Tuesday, October 1, 2019

Interlude: When Social Sciences Become Social Movements

I found this very positive take on the recent SIPS conference in Rotterdam earlier today. Am so glad to have seen this. As someone who either grew up in the shadow of various social movements (including the No Nukes movement that was big when I was in my mid-teens) or was a participant (in particular Anti-Apartheid actions, as well as an ally of the feminist movement of the time and the then-struggling LGBT community that was largely at the time referred to as "Gay Rights"), I feel right at home in a social movement environment. They are after all calls to action, and at their best require of their participants a willingness to roll up our sleeves and do the hard work of raising awareness, changing policies and so on. All of that was present when I attended in July and what I experienced left me cautiously optimistic about the state of the psychological sciences.
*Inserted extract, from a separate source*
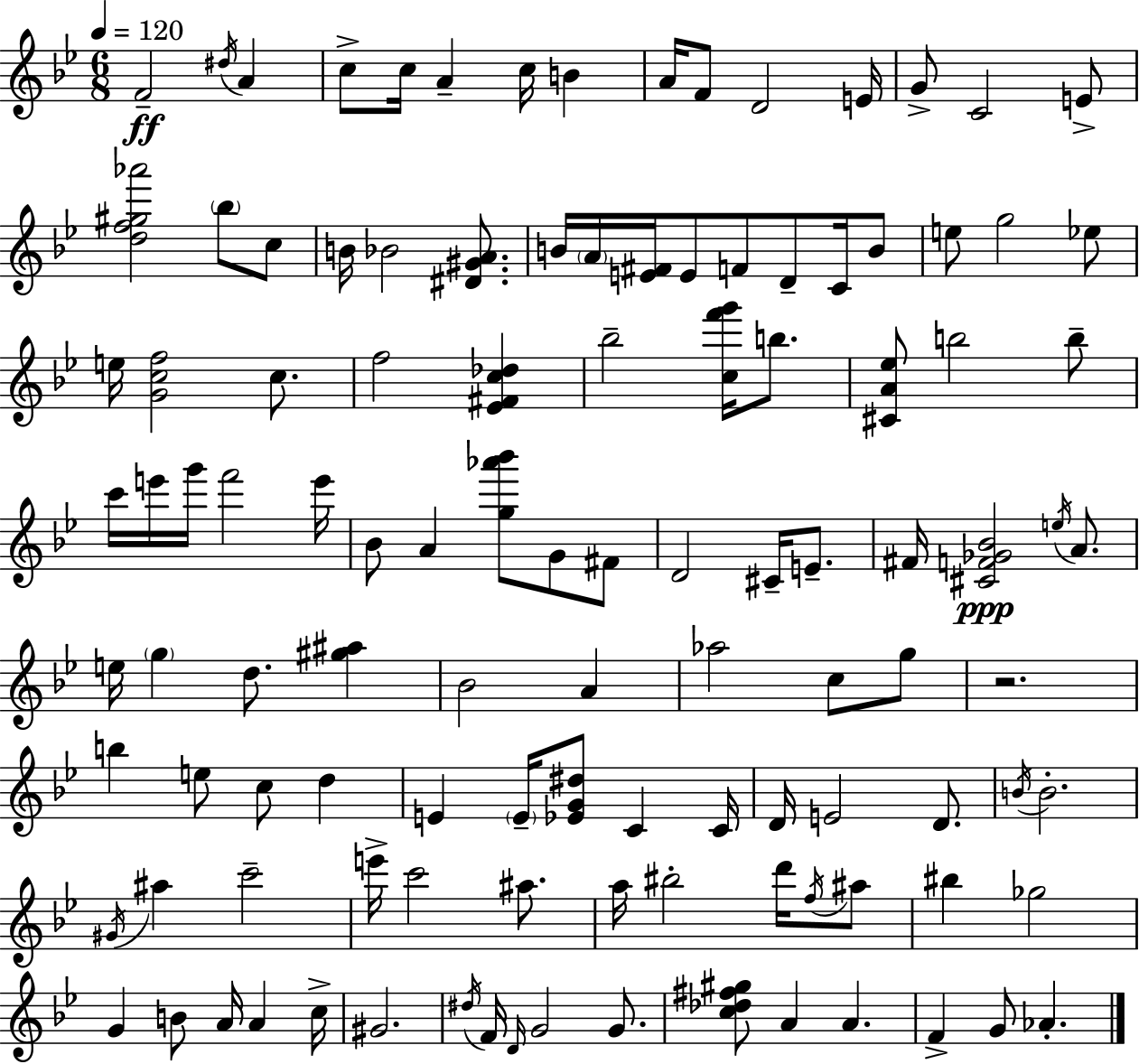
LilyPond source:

Questionable research practices still happen, and powerful players in our field still have too much pull in determining what gets said and what gets left unsaid. What's changed is Twitter, podcasts, etc. Anyone can listen to some state-of-the-art conversation with mostly early career researchers and educators who are at the cutting edge, and who are not afraid to blow whistles as necessary. Anyone can interact with these same individuals on Twitter. And although eliminating hierarchies is at best a pipe dream, the playing field among the Open Science community in my corner of the scientific universe is very level. I'll paraphrase something from someone I would prefer not to name: Some people merely talk about the weather. The point is to get up and do something about it. We've gone well beyond talk. We have the beginnings of some action thanks to what started as just a few understandably irate voices in the wake of the Bem paper and the Stapel scandal in 2011. We have a long way to go. And yes, if you do go to a SIPS conference, expect to meet some of the friendliest people you could hope to meet - amazing how those who are highly critical of bad and fraudulent science turn out to be genuinely decent in person. Well, not so amazing to me.